Court Enforces Arbitration Clause in Fortnite Data Breach Class Action
By John Ottaviani
A Fortnite user filed a class action suit alleging that the game had a security flaw that allowed hackers to steal debit card information. However, he will be forced to arbitrate his claims individually, according to the decision in Heidbreder v. Epic Games, Inc., No: 5:19-cv-348-BO (E.D.N.C. Feb. 3, 2020).
The court had no trouble finding that someone using the plaintiff’s Epic Games account agreed to the terms of an End User License Agreement, containing an arbitration clause. But the plaintiff argued the agreement should not be enforced for 3 reasons: (1) his minor son, who lacked contractual capacity and now disaffirms the agreement, agreed to the EULA; (2) the claims in the lawsuit did not fall within the scope of the arbitration provision, and (3) the arbitration clause was unconscionable.
Chief Judge Boyle rejected all three arguments. With respect to the claim that the minor accepted the EULA, the court found that the minor “was acting as [the father’s] agent and had both actual and apparent authority” to accept the terms and sign the EULA. A key fact in this conclusion was the fact that, although the father created the account, it was used exclusively by his son every day for over a year. The argument that the claims in suit fall outside the scope of the arbitration provision failed, because the arbitration provision expressly stated that “ … whether a dispute is subject to arbitration under this Agreement will be determined by the arbitrator rather than a court.” Finally, the court rejected the unconscionability claims, in part because the plaintiff had an “opt out” period of 30 days after accepting the terms.
NY Federal Court Requires Insurer to Cover Fraudulent Transfer
By Emily Bryant-Alvarez, Morris Nichols Arsht & Tunnell LLP
The United States District Court for the Southern District of New York recently held that an insurance provider, AIG, had to cover settlement costs arising from a third-party email “spoofing” attack that resulted in the fraudulent transfer of nearly $6 million from an investment fund over a period of three weeks. SS&C Technology Holdings, Inc. v. AIG Specialty Insurance Co., No. 19-7859 (S.D.N.Y. Jan. 29, 2020). Unknown third parties used “spoof” email domains to send requests to SS&C, a financial technology provider. The company, believing the requests to be from Tillage, processed wire transfers of funds from Tillage’s accounts to certain bank accounts in Hong Kong. These transfers resulted in the folding of Tillage Commodities Fund and led to litigation and an eventual settlement between Tillage and SS&C.
While AIG had agreed to pay SS&C’s defense costs, it denied coverage of the settlement. As a result, SS&C filed suit against AIG for breach of its indemnity policy and for breach of the implied covenant of good faith and fair dealing. The court agreed with SS&C, finding that AIG’s indemnity policy did not exclude coverage of this type of third party attack. The court, however, did not find that AIG acted in bad faith, noting that it is common for an insurance carrier to assert all possible reasons for exclusion under its insurance policy for fear of a party asserting waiver later on in the process. Accordingly, the court granted summary judgment in favor of SS&C on its breach of contract claim, and in favor of AIG, dismissing SS&C’s bad faith claim.

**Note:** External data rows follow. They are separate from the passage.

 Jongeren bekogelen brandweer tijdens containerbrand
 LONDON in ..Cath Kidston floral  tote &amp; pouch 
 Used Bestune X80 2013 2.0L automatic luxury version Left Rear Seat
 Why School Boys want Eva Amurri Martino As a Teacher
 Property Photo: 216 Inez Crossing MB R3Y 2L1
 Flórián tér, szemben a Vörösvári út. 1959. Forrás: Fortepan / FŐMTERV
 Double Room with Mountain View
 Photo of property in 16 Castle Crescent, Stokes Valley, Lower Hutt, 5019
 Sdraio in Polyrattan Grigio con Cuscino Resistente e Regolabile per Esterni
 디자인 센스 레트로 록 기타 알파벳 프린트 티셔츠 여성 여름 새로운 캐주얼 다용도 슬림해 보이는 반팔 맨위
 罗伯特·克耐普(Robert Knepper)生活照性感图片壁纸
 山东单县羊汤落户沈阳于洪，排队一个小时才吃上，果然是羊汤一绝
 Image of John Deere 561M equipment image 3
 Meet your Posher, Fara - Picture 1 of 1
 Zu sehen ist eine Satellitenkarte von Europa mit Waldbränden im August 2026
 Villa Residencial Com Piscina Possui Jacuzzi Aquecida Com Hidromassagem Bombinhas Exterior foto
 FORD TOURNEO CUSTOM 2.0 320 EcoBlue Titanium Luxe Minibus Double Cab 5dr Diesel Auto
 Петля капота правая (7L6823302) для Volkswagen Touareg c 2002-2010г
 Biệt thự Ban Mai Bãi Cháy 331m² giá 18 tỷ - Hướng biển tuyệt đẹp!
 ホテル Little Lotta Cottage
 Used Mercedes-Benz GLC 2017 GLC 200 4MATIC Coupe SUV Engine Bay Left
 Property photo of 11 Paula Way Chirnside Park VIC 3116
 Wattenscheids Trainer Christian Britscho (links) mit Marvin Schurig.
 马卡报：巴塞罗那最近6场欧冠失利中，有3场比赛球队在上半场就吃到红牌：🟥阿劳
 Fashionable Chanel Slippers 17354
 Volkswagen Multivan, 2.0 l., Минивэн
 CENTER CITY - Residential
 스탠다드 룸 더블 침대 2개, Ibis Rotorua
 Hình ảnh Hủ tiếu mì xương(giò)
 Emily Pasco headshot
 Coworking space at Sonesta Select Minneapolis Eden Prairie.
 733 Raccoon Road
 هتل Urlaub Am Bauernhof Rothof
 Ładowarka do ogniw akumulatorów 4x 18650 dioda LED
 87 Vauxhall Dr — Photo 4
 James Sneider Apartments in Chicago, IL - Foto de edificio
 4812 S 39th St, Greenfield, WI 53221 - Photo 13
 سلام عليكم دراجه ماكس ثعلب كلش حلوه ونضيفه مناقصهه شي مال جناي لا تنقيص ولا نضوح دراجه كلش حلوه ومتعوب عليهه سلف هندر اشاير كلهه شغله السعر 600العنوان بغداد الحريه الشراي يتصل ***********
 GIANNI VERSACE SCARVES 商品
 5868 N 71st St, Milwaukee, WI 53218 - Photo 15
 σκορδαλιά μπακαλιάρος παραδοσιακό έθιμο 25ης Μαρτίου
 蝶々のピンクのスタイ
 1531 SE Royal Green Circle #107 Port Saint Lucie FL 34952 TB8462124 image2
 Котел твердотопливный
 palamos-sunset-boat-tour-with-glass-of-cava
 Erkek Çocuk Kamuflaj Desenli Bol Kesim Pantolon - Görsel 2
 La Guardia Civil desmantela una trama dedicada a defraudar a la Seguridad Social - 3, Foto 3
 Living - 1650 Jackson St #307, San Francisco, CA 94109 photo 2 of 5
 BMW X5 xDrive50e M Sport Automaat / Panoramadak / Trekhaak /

FTC Releases 2019 Privacy and Security Report
By Michael Fitzpatrick, Drexel University Thomas R. Kline School of Law
The Federal Trade Commission released its annual privacy and security update for 2019 and reported a record year. The FTC’s efforts to promote competition, and protect and educate consumers was specifically highlighted by the Commission’s enforcement actions in 2019. The FTC levied a $5 billion penalty against Facebook for violating its 2012 FTC privacy order and imposed new restrictions on the business’s operations. In regards to violations of the Children’s Online Privacy Protection Act (COPPA), the FTC obtained a $170 million penalty against YouTube and Google, and also found Retina-X, a stalking app, to have violated COPPA by enabling its apps to be used for illegitimate purposes. In cases involving the EU-U.S. Privacy shield framework, the FTC brought 13 cases against companies alleged to have made false promises related to the Privacy Shield. On the data security front, the FTC, working with the 50 states and territories, as well as the Consumer Financial Protection Bureau, announced a global settlement totaling $700 million with Equifax related to the company’s 2017 data security breach that affected approximately 147 million consumers. In addition to its enforcement actions, the FTC hosted four privacy-related events in 2019.